Mark Brnovich is his party’s best chance to win John McCain’s Senate seat back for the GOP. Just one problem: He’s the state’s attorney general, and Trump wants him to keep re-fighting the 2020 election.
Right now, Brnovich, a lifelong Republican and diehard conservative, is the frontrunner for the Republican nomination for the U.S. Senate — with a reasonable chance to flip the seat back from incumbent Mark Kelly, the Democrat who won only narrowly in 2020. In any normal year, his current job would be a big asset: He’s one of Arizona’s highest profile elected officials, with unmatched name ID and what seems to be a standing invitation to Fox News.

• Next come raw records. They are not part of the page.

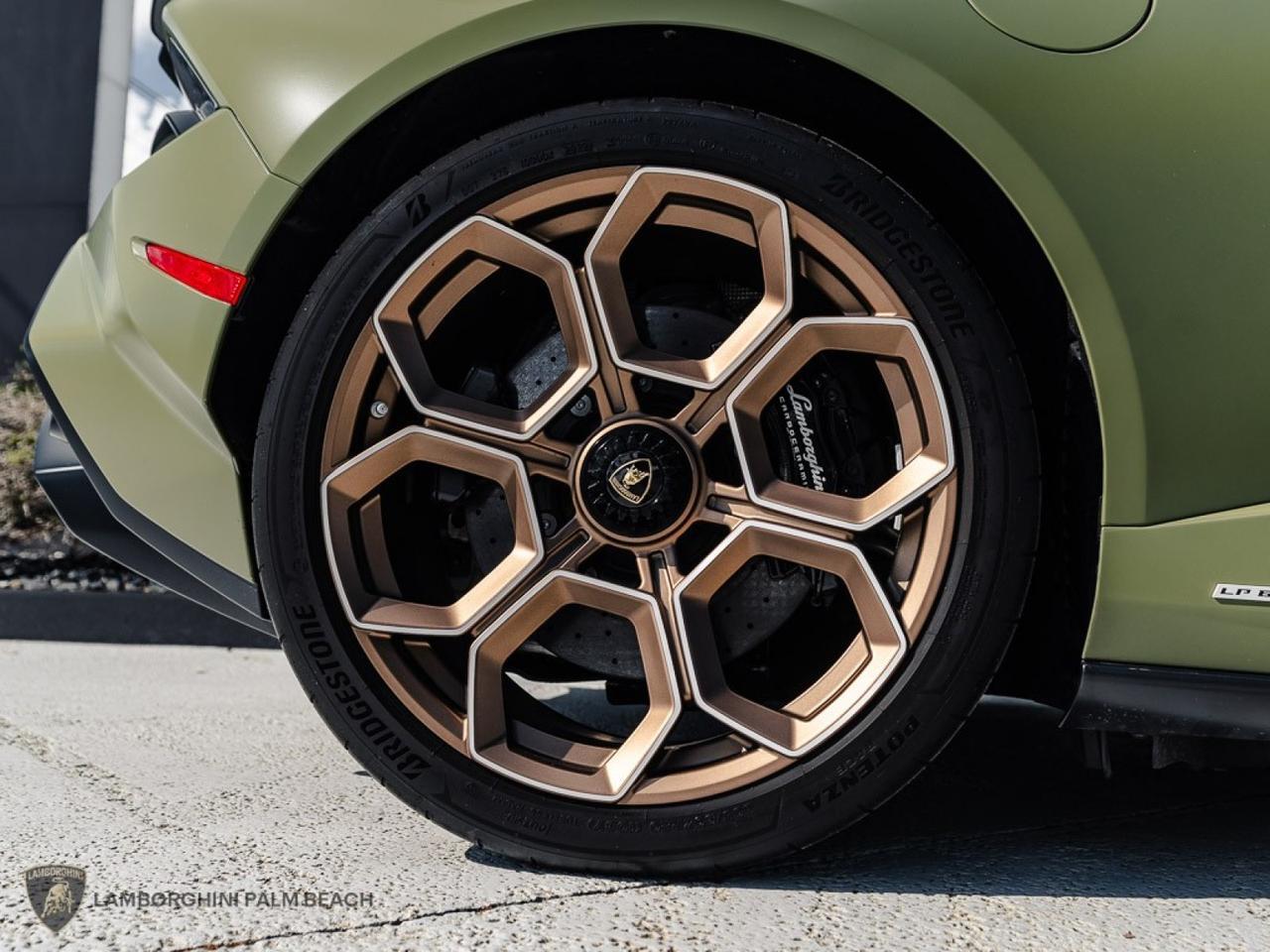 2023 Lamborghini Huracan Tecnica West Palm Beach FL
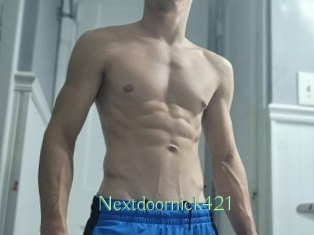 Nextdoornick421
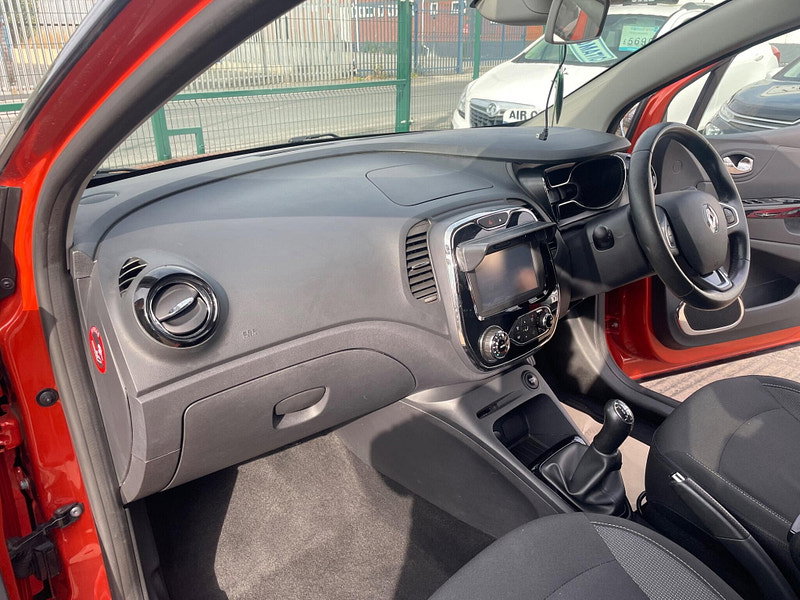 Renault Captur 0.9 TCe ENERGY Dynamique S Nav Euro 6 (s/s) 5dr 5dr Manual 2026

But in 2022, he faces a squeeze familiar to high-profile Republican state officials across the country. With Trump unwilling to let go of the lie he won the election, and the GOP base passionately defending his claims, Republicans who actually hold office — and who have to operate within the rules and norms of government — face a disadvantage with many of their own voters. Most Republican candidates just have to pledge allegiance to Trump’s election lies to prove loyalty to their national leader. Brnovich is tasked with executing on them. And legally, he has to tell Trump, “No.”
Trumpian Republicans have a specific complaint about Brnovich right now: He has done nothing with a batch of “findings” prepared by the Cyber Ninjas, the now-defunct company that the Republican-controlled state Senate hired to audit the 2020 presidential election in Maricopa County. The report was replete with innuendo but didn’t actually declare any charges were warranted for election fraud, let alone provide sufficient evidence to win a prosecution. In fact, the audit reaffirmed that Biden beat Trump in Arizona. Brnovich has parked the investigation in his office, and there’s no sign it’s wrapping up anytime soon.
Republicans who believe the election was stolen have been raising the pressure on Brnovich ever since. That includes Trump himself, who has called Brnovich “lackluster” and “nowhere to be found” on his crusade. Tech billionaire and Trump ally Peter Thiel, who is backing Brnovich’s closest competitor, Blake Masters, has already cut television ads using Trump’s words to hammer Brnovich for certifying the election.
Lorna Romero, a Republican political consultant in the state, says candidates who carry the “Stop the Steal” banner may appeal to Republican primary voters, but nominating them could be disastrous for the party come November.
“The tides are gonna change,” she says. “I think it’ll be helpful for [Brnovich] to be on the right side of history.”